Selon des sources proches du dossier et un mémo consulté par Reuters, les États-Unis ont adressé des lettres à plusieurs gouvernements, les incitant à rejeter toute proposition visant à limiter la production mondiale de plastique. Cette démarche confirme la ligne rouge tracée par Washington depuis le début des négociations : pas de plafonds contraignants, mais un engagement volontaire centré sur la gestion des déchets et l’innovation technologique.
Ce positionnement place les États-Unis en opposition frontale avec une coalition de pays — parmi lesquels figurent les membres de l’Union européenne, de l’Union africaine, les nations du Pacifique et plusieurs États latino-américains — qui militent pour des mesures structurelles et des objectifs contraignants afin de réduire la production de plastique à la source. Ces États estiment qu’un accord efficace doit s’attaquer aux causes du problème, et non seulement à ses conséquences.
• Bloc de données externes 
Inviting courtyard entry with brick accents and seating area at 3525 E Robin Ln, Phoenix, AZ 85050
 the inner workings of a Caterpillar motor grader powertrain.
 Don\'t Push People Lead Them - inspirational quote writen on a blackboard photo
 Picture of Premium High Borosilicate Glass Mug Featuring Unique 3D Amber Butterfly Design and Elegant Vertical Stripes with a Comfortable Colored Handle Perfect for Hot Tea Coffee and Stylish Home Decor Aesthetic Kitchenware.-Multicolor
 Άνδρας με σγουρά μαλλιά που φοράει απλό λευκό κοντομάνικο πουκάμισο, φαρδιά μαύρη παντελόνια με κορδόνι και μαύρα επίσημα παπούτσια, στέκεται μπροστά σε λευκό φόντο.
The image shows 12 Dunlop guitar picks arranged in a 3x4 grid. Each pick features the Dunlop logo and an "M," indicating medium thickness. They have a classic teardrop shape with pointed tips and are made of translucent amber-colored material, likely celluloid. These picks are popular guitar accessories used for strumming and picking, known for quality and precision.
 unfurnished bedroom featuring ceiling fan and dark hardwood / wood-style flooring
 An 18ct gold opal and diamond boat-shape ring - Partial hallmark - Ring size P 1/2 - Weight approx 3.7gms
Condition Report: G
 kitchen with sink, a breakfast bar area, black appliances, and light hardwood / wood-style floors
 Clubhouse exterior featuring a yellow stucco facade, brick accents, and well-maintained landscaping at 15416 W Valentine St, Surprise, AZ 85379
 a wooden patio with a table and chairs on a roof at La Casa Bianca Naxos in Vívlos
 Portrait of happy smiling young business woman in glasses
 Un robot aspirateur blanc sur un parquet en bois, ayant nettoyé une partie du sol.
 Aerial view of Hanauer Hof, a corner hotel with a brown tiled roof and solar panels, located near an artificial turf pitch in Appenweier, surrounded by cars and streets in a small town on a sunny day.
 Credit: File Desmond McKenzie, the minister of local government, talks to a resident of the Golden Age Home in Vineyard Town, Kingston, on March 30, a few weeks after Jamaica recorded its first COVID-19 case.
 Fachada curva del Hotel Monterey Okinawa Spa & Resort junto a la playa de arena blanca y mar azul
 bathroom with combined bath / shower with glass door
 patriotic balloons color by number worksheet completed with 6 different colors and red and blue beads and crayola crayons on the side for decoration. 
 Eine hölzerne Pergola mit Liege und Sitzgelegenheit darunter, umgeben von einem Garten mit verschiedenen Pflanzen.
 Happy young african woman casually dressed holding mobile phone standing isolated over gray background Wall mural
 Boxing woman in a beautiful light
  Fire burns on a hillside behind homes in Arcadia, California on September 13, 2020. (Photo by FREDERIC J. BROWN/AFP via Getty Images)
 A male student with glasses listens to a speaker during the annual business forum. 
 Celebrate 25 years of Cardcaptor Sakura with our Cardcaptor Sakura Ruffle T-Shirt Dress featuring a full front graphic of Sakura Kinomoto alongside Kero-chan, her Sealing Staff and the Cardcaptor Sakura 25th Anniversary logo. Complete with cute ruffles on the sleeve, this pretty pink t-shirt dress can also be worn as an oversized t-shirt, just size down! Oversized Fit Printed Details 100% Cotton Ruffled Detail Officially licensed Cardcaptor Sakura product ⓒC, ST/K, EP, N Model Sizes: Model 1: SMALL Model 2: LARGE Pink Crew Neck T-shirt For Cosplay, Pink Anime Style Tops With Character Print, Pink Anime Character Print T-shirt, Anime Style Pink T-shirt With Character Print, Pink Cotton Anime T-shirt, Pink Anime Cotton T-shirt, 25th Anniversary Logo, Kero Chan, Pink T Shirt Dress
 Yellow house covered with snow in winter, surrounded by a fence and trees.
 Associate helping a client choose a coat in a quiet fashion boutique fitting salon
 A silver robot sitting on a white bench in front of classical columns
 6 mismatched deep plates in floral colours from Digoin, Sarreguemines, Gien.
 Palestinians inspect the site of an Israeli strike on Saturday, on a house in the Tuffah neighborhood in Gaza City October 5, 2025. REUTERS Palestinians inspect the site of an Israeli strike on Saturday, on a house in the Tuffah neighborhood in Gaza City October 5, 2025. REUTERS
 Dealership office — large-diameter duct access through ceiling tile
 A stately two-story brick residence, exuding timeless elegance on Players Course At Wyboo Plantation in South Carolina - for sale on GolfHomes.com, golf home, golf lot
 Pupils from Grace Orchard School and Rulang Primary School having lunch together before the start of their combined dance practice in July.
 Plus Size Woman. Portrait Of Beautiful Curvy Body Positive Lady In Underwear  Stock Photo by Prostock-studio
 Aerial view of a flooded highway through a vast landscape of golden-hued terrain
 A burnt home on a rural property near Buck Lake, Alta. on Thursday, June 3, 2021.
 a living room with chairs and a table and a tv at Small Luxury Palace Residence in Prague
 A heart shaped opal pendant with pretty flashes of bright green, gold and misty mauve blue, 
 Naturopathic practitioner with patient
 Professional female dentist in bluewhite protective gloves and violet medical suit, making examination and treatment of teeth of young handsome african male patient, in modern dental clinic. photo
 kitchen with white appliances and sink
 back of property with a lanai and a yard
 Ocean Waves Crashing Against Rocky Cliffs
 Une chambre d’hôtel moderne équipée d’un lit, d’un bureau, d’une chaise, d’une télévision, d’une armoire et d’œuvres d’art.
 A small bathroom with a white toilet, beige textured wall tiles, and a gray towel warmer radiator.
L’opposition américaine complique sérieusement les discussions qui se tiennent sous l’égide du Programme des Nations Unies pour l’environnement (PNUE), alors que les négociateurs espéraient aboutir à un accord juridiquement contraignant d’ici la fin 2025. Plusieurs diplomates ont confié à Reuters que l’implication directe de l’administration Trump dans les coulisses du processus a contribué à un blocage des discussions lors des dernières sessions.
Les groupes environnementaux, quant à eux, tirent la sonnette d’alarme. Pour eux, sans plafonnement de la production, les objectifs de réduction de la pollution plastique seront inatteignables. « On ne peut pas nettoyer un robinet ouvert à la cuillère », résume un militant cité anonymement, dénonçant l’approche des États-Unis, fortement influencée par les intérêts de l’industrie pétrochimique.
La pollution plastique, notamment dans les océans, est aujourd’hui considérée comme une crise planétaire. Des études estiment que la production de plastique pourrait tripler d’ici 2060 si aucune mesure forte n’est prise, avec des conséquences dramatiques pour la biodiversité, la santé humaine et le climat.
Alors que le prochain cycle de négociations est prévu dans les semaines à venir, la fracture entre les partisans d’un traité ambitieux et les défenseurs du statu quo menace de faire dérailler les discussions. Le rôle des États-Unis, traditionnellement influents dans les enceintes multilatérales, pourrait cette fois être perçu comme un frein majeur à l’effort mondial pour endiguer la crise du plastique.